The government has been coming at this all wrong. Here is the secret list of real food groups for kids: goopy, crunchy, sticky sweet, yuck and finger.
Goopy and Yuck
Right off the bat, you will never get a kid to eat goopy or yuck. No matter how long they are told to sit at the table or how many days they go without a meal, or which of their favorite dolls or cartoon characters claims they love it, they will not swallow it. They will sit with it in their mouths, and then line up at the door when their mother gets home and cling like orphans to report how dad went crazy again.
This is not a good thing, because goopy food is the easiest to cook. You may think you've got one heck of an easy dinner, throwing whatever you like with some soup or water into a pot. But don't expect anyone to eat it. Here's the rule. Any food that slides off itself, or off the plate, is not going to pass the goopy test.
Yuck is harder to figure out. Some things are yuck because of how they look, like rice pudding, liver, or anything that moves. Some things are yuck because of where they came from, like something that's been on the floor. Sometimes its the smell, like overboiled eggs. Some things are yuck because of their color. Certain shades of brown, blue or yellow green, especially.
Any food that gets black from cooking, even a little, even just some tiny charred flecks coming off the bottom of the pot, is yuck, and you need to start over. I know, that sounds extreme. But there's not much worse than years of family holidays hearing about how dad fed us burnt food. Yes, they'll notice. No, they won't forget to tell their mother.
You can also forget about scraping the black parts off in the sink. I don't know how, you think they can't tell, but they can.
Some foods that weren't yuck go instantly yuck because of what you put in it, like pickle relish, or that finger you were tasting with. Older kids can be your worst enemy, because they ask questions. 'Is that mold?' 'Is this going to make us sick?' They can turn a whole meal yuck in no time.
You can also waste a lot of kitchen time trying to trick youngsters into eating foods they normally won't touch. For instance, you think you can put goopy inside crunchy. But they figure that out in one bite, and afterward will either toss the lot or just pick off the outsides like pitiful little birds. Sweet on yuck they have a little harder time with, but after it all gets mashed up and stirred together - which it will - it's a lost cause.

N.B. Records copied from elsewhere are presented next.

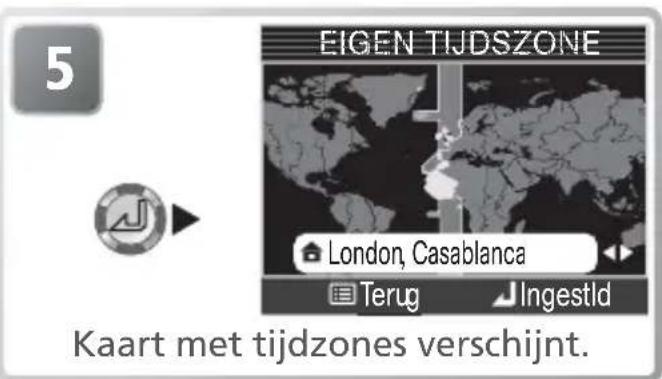 EIGEN TIJDSZONE London, Casablanca Terug Ingestld Kaart met tijdzones verschijnt.
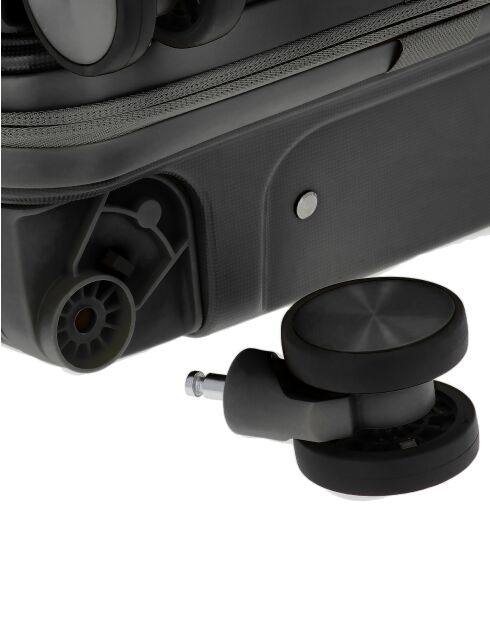 Valise Cabine S 4 roues doubles Cleveland noire - 40,5x60x20 cm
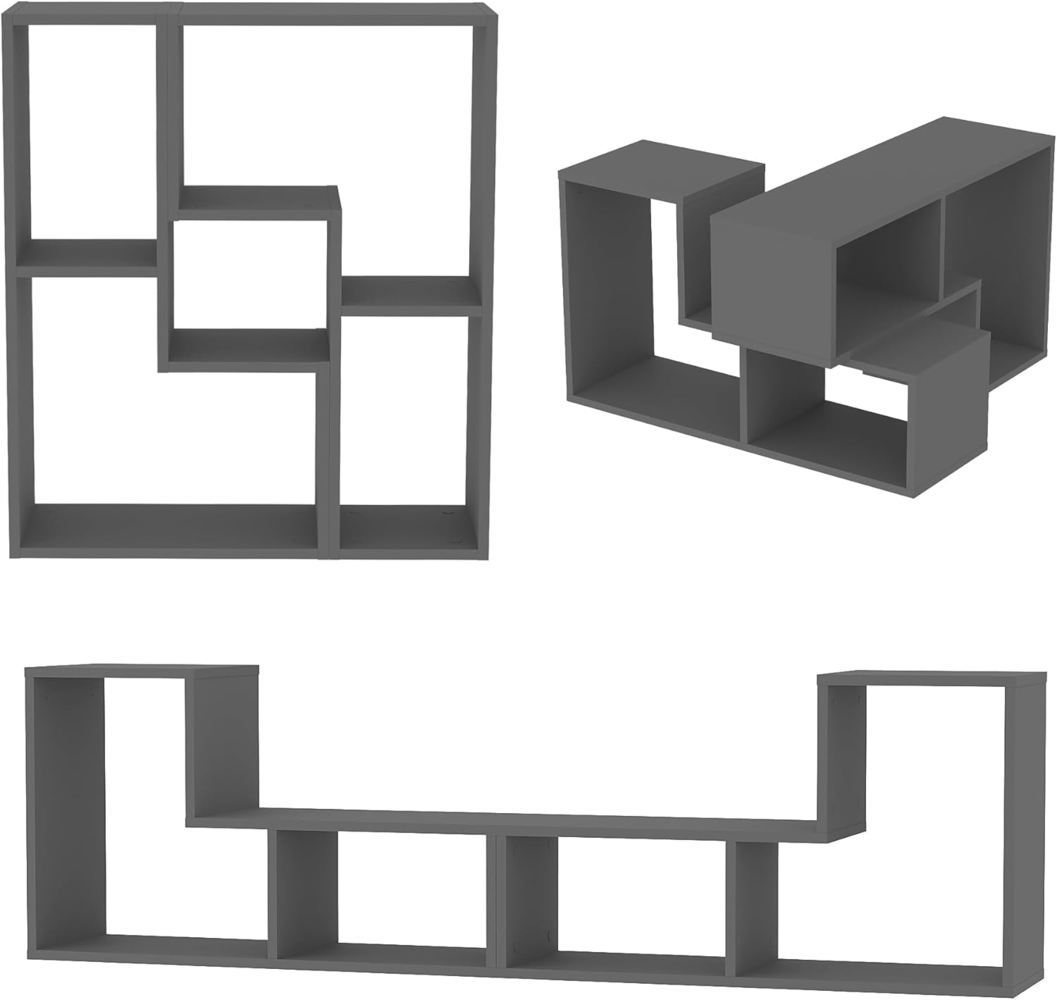 Modulares Möbelset Hustersurd 2-tlg. Anthrazit [en. casa] Bild 1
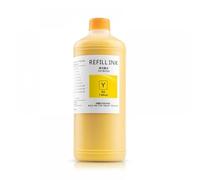 JHTRHZ Encre de Sublimation Compatible avec Les modèles d'imprimante I3200 XP600 TX800 L1440 F1080, tête d'impression 500ml, Kit de Transfert de Chaleur, Presse Compatible avec T-Shirt(500ML-Y)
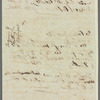 Jane Porter, autograph memo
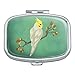 Charming Cockatiel Yellow Crest Rectangle Pill Case Trinket Gift Box
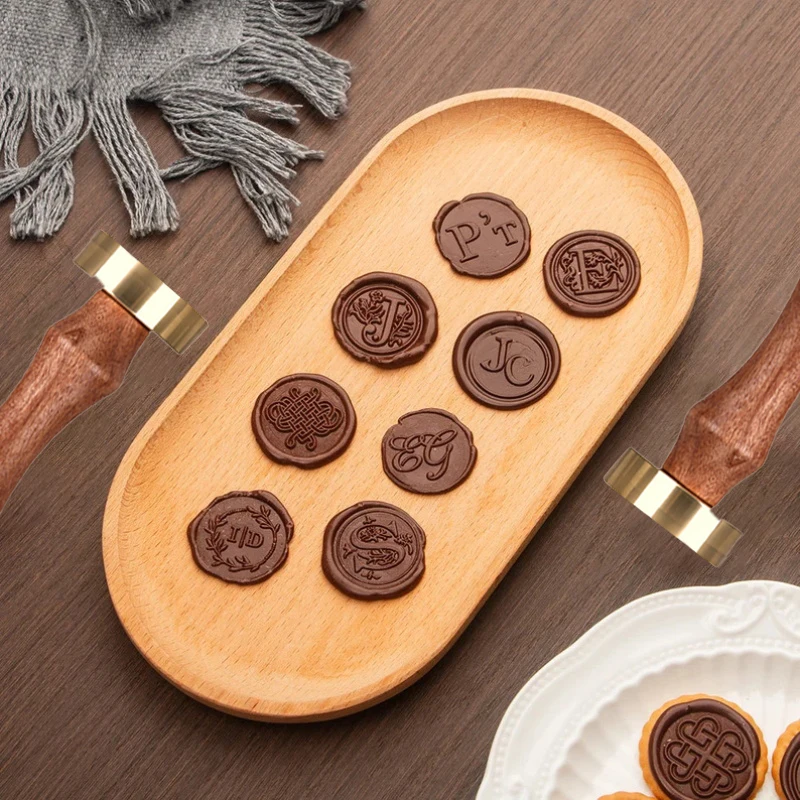 الغذاء الصف ختم مخصص ختم الشوكولاته شعار شخصي تصميم قالب ختم الشوكولاته DIY بها بنفسك عيد الميلاد عطلة كب كيك ديكور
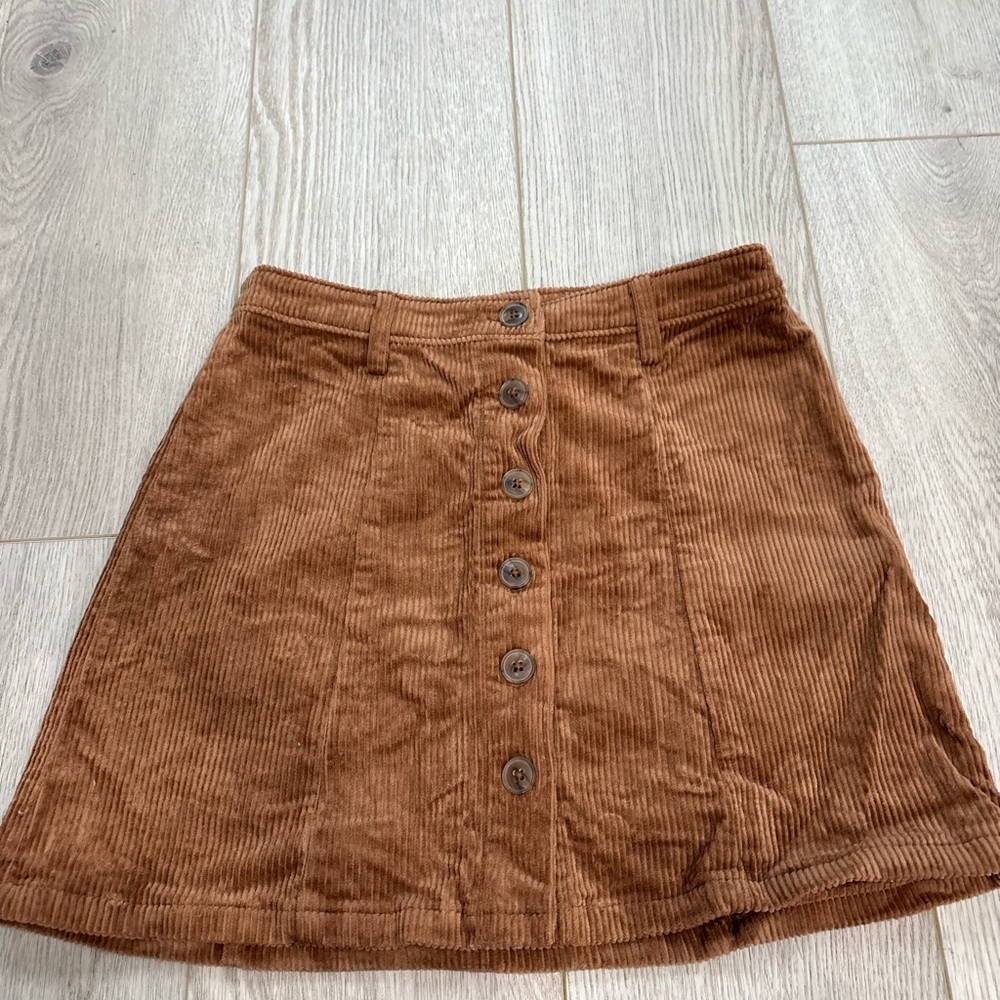 Forever 21 Tan Corduroy Mini Skirt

Let's look at the other end of the food group stick. Here you've got the never-fail, always a hit finger foods. Something about being able to pick it up with your hands, I guess. Chicken fingers, waffle fingers, pasta fingers, I don't care what, if it's finger food, it disappears.
The only problem you will have with finger foods is with mom. To her eye they can look an awful lot like snack food dressed up and snuck in for dinner. The tipping question is where the finger foods came from. If you (A) managed to whip them up yourself, you've got dinner. If you (B) poured them out of a take-out or frozen bag, chances are good you've got a whole frosty evening of banging pots and cupboards while someone else makes the kids a “real” dinner.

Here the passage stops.